A Justiça brasileira é conhecida e criticada por sua lentidão, em média, processos costumam levar de oito a dez anos até que haja uma sentença. Apesar disso, nem sempre é necessário aguardar todo esse tempo para se obter uma decisão definitiva em um conflito. Pouco utilizados no Brasil, os métodos de arbitragem, mediação e conciliação são alternativas muito mais rápidas do que o apelo a tribunais.
O árbitro não precisa possuir conhecimentos de Direito, e não pode jamais haver qualquer tipo de interesse dele em relação à disputa na qual vai atuar. Essa operação é mais cara do que buscar as vias da Justiça, mas a sua previsão de definição é de, no máximo, seis meses. Além disso, como os árbitros são escolhidos pelas partes, podem ser especialistas no tema, o que torna a decisão mais técnica.

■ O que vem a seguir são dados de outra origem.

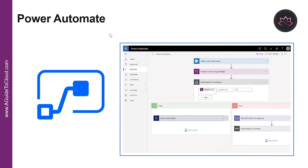Power Automate lets users create automated workflows between applications and services. It helps automate repetitive business processes such as communication, data collections, and decision approvals. Don't waste important productivity on drafting the same email for weekly updates or walking approvals. Not only for individual users, Power Automate allows the creation of enterprise-grade process automation as well, and its simple interface allows every level of user to automate work tasks, from beginners to seasoned developers.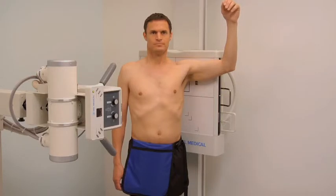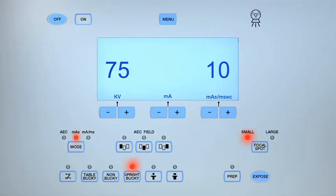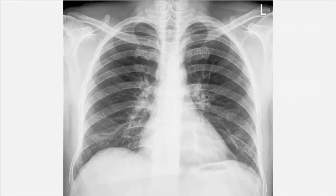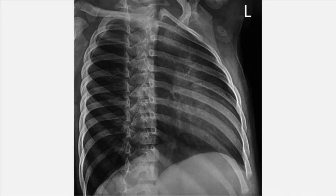Ask the patient to breathe in and out and hold on the second breath. Expose the cassette. Review the images for both projections.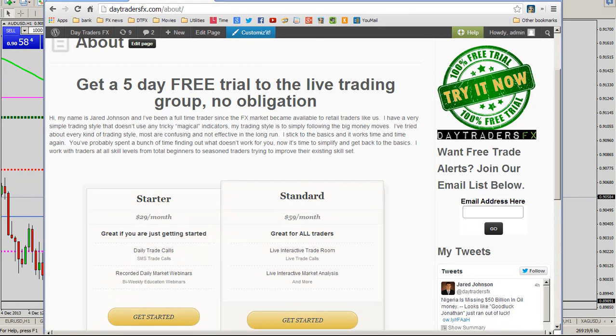Hi guys, Jared here with DayTradersFX. I hope you guys are having a great Wednesday. I would like to talk about the Aussie dollar today in our free daily video update, so just a couple of things.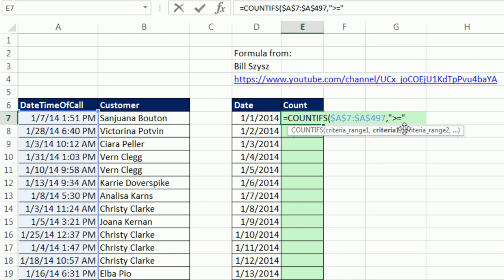Notice we put our comparative operators in double quotes, and then we have to join it using Shift-7, the ampersand, to our date, relative cell reference. That will get it. Anytime it's looking through here, it's going to say greater than or equal to the whole number.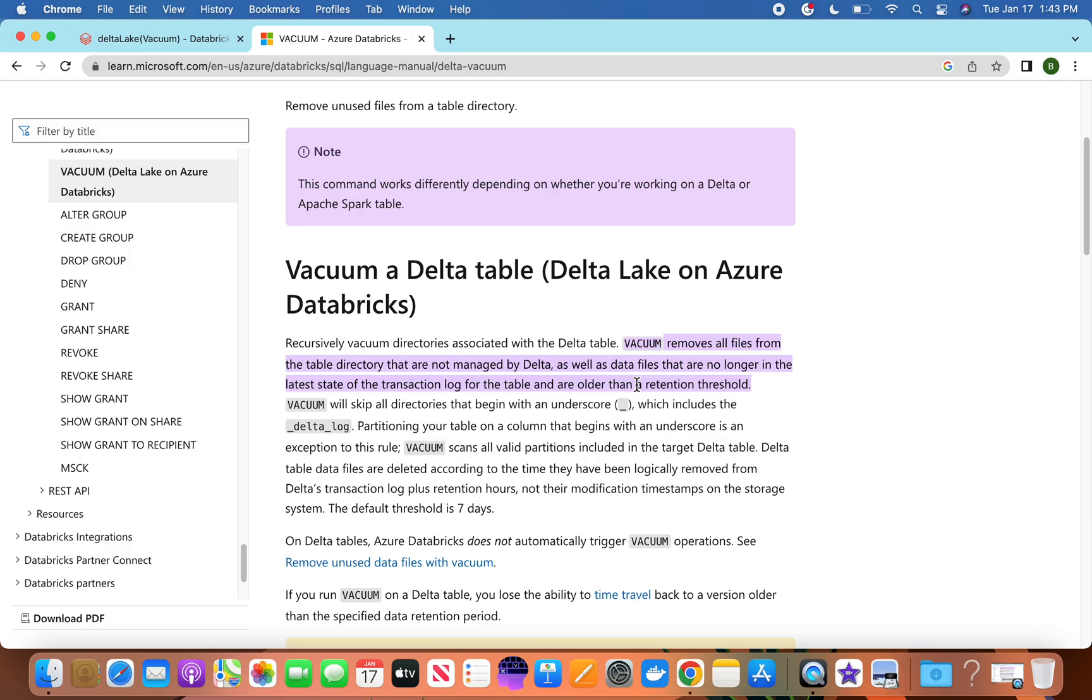So those kinds of files are going to be removed. Vacuum will skip all directories that begin with underscore, maybe underscore Delta - those kinds of folder directories will be avoided. So let's understand through an example.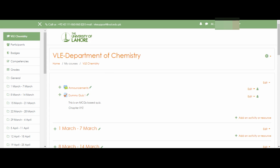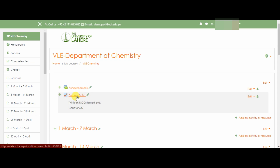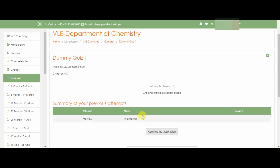Assalamualaikum. This tutorial is about attempting a quiz based on multiple choice questions. If you see there is a dummy quiz, you will click on it. You will click preview quiz or attempt. Because I was previously attempting this, I will continue the last preview.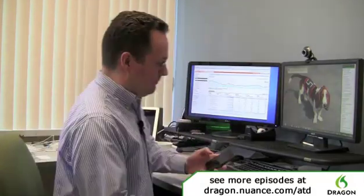Hi, this is Peter and welcome back to Ask the Dictator. This week we're going to talk about using Dragon Voice shortcuts to search the web using voice commands. Let me show you how this works.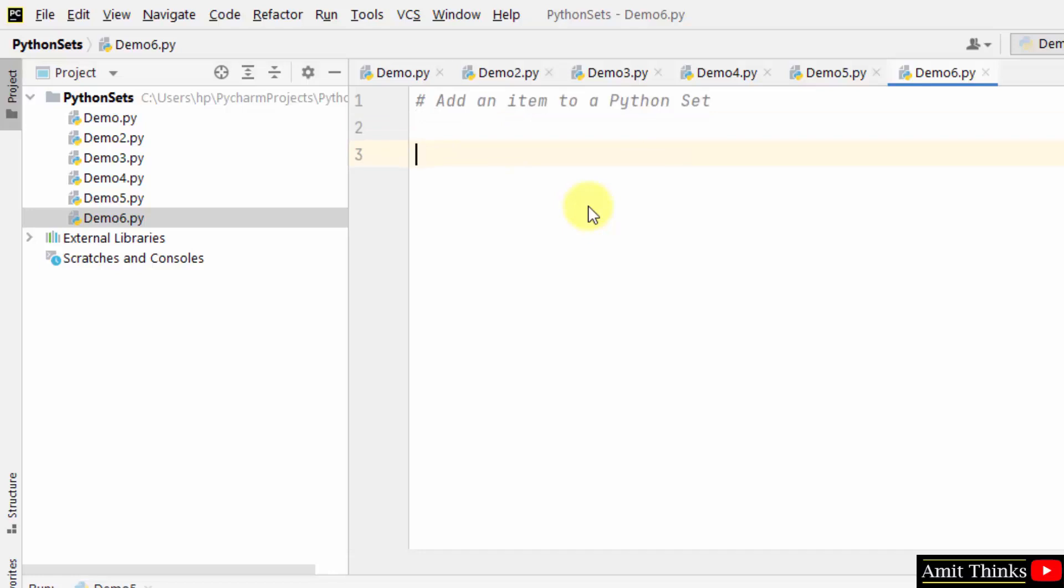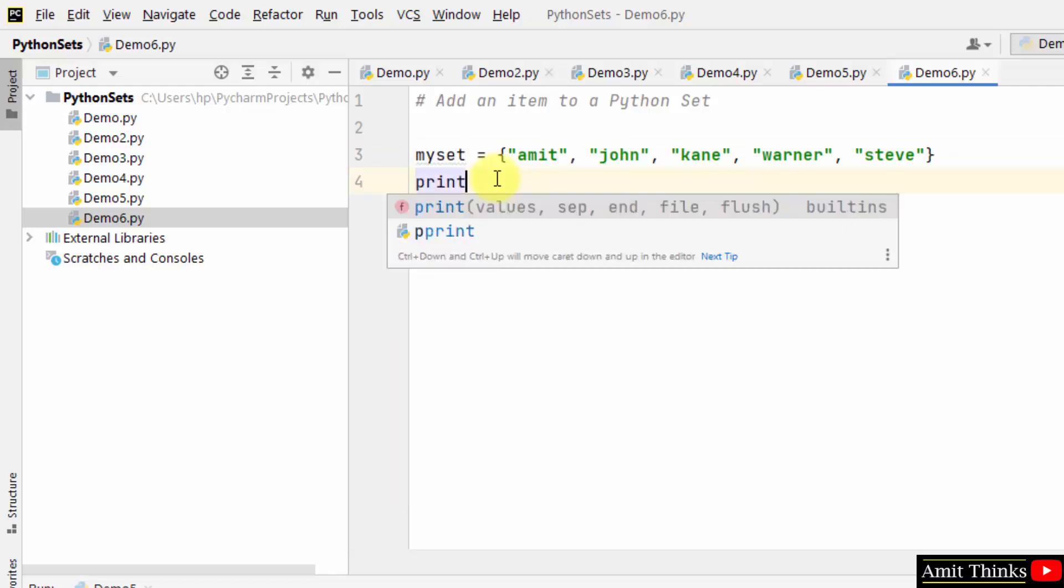The items can be added using the add method. Create a set, we created a set, then we printed it.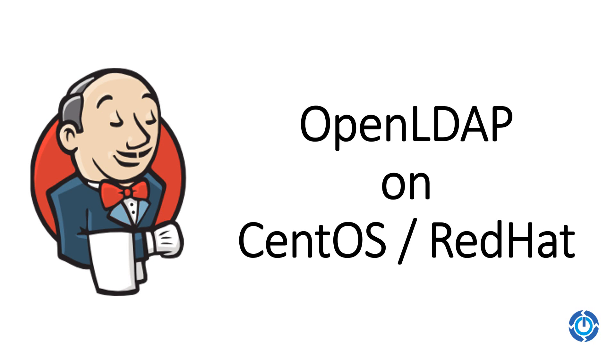Have you ever thought that Gmail username and password works for different applications like YouTube and Google Drive? This is happening due to directory services offered by different tools. Directory services can be called a centralized user database which can be used to integrate with different applications.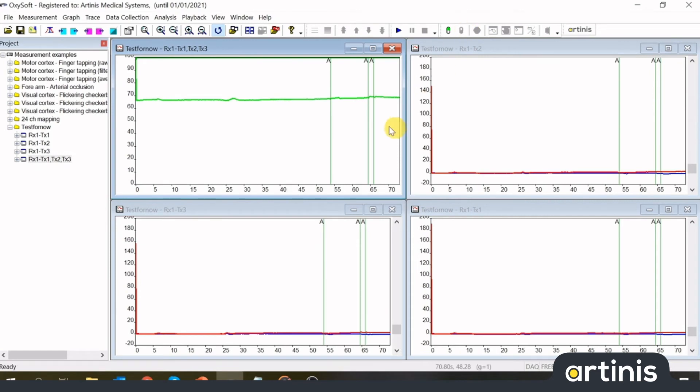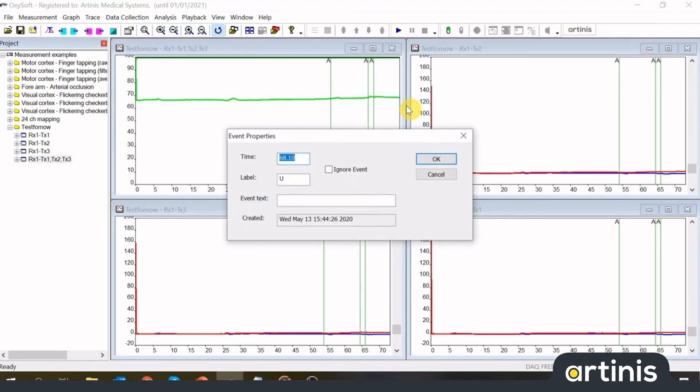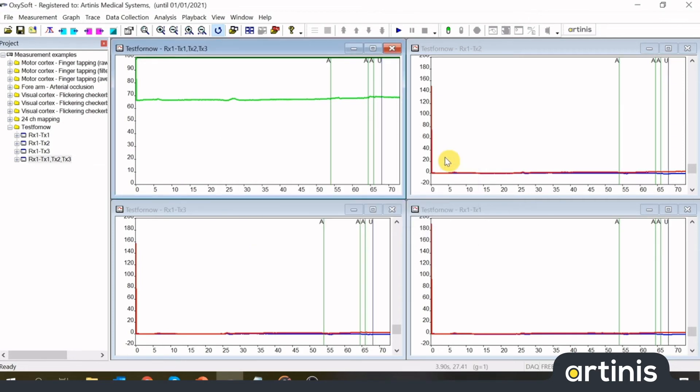Inserting an event after measuring is also possible. Right click in the graph at the time coordinate, and select Insert Event. In this window you can change the time coordinate of the event, the event label, and the event text if you prefer.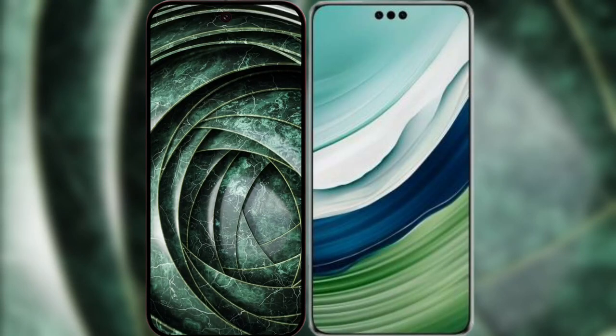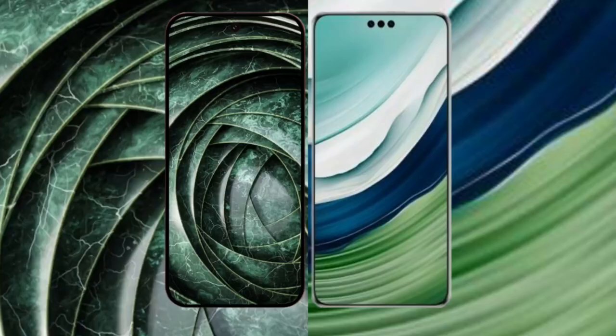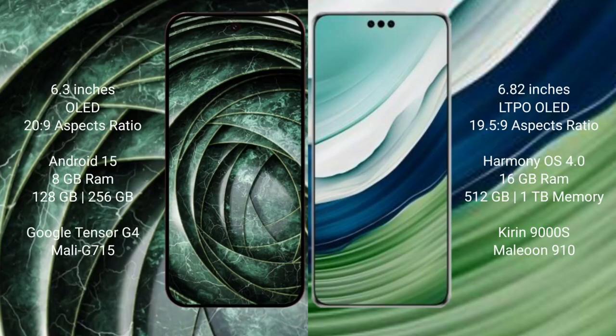I will compare the new Google Pixel 9a with the Huawei Mate 60 Pro Plus. Google Pixel 9a has a 6.3-inch OLED display with a 20:9 aspect ratio. Huawei Mate 60 Pro Plus has a 6.82-inch LTPO OLED display with a 19.5:9 aspect ratio.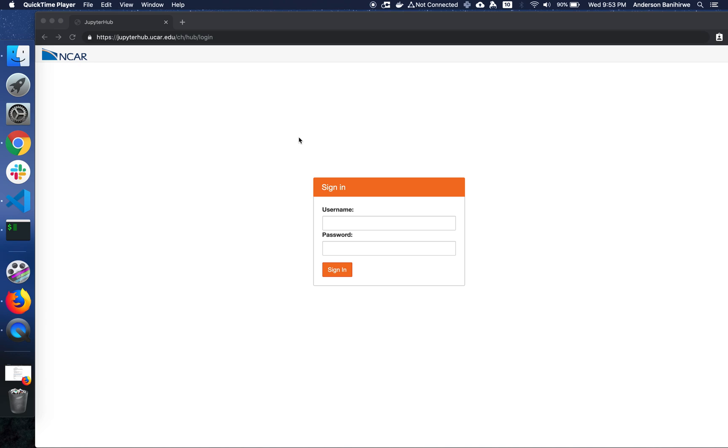Welcome to this screencast. During this screencast, I will cover interactive supercomputing with Dask and Jupyter.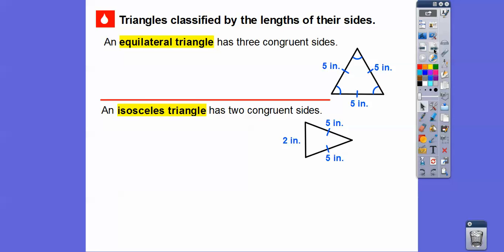An isosceles triangle has two congruent sides. If it's an isosceles triangle, the angles opposite those equal sides are equal to each other — the angle opposite one side equals the angle opposite the other side. These two angles are equal. As long as the sides are equal, the angles opposite them are equal. This looks like an acute angle because it's less than 90.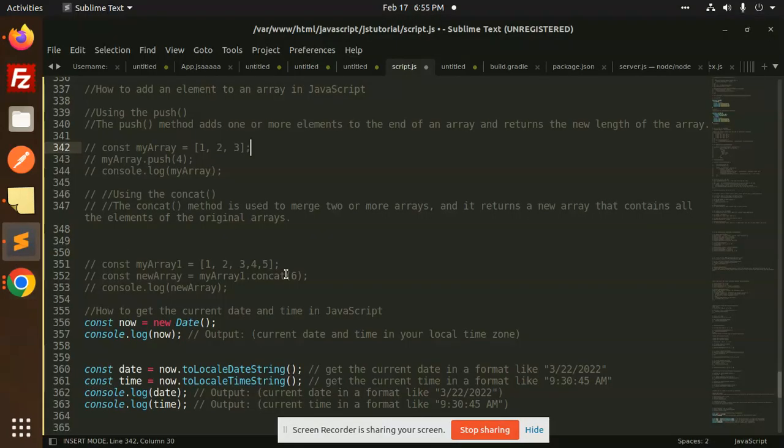Hello friends, welcome back to a new JavaScript tutorial. Today we're going to learn how to get the current date and time in JavaScript. There's a very simple method called new Date which always returns the current date and time.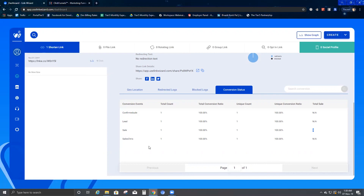You can also track your solo vendors through this. I'll explain more about solo vendors in a later video. Till then, thank you — this was all about conversion script. If you have any concerns, you can always get back to our support team.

Diferentemente da arbitragem, na mediação são os próprios envolvidos que decidem em conjunto os rumos da ação. Uma pessoa alheia ao conflito e que tenha um treinamento específico é escolhida para atuar como o mediador. Sua função é aproximar as pessoas e orientá-las na construção de um acordo, o que, em média, se consegue em seis semanas.
O custo é bem mais baixo do que o da arbitragem, já que é necessário pagar apenas os honorários do mediador, similares aos de um advogado. Uma terceira opção é a conciliação, que se aplica em situações pontuais em que a relação entre as partes é superficial e não vai perdurar após o processo.
Com isso, é muito menor o risco de decisões injustas ou equivocadas. A ACIL já vem investindo neste trabalho, e durante a nomeação dos árbitros na próxima terça-feira, todos poderão conhecer as instalações da Câmara de Arbitragem de Limeira.
Receberão a certificação: Antonio Carlos Ribeiro da Silva, Antonio Simoni, José Carlos Bigotto, José Maria Firmino Corrêa, Reinaldo Grassi, Renato Hachich Maluf, Rita de Cássia Branmer Rodrigues Maluf e Vladimir Lucchesi.
Especialistas
Na arbitragem o árbitro pode contratar um especialista na matéria da decisão. Por exemplo, numa questão que envolve um maquinário industrial, as partes podem nomear um engenheiro que entenda daquele assunto para julgá-lo. Pode-se também utilizar os conhecimentos e técnicas de um psicólogo, na fase de conciliação e mediação, visando a um acordo das partes, e deixando de lado a fase pericial, como existe no Judiciário.
Tempo
A Câmara de Arbitragem é uma alternativa eficiente ao Poder Judiciário, cujo desempenho tem sido moroso. Daí a inevitável conclusão: nenhuma decisão judicial por mais acertada que seja sob aspecto técnico-jurídico, é justa, se proferida depois de alguns anos de tortuosa espera, repleta de angústias e incertezas.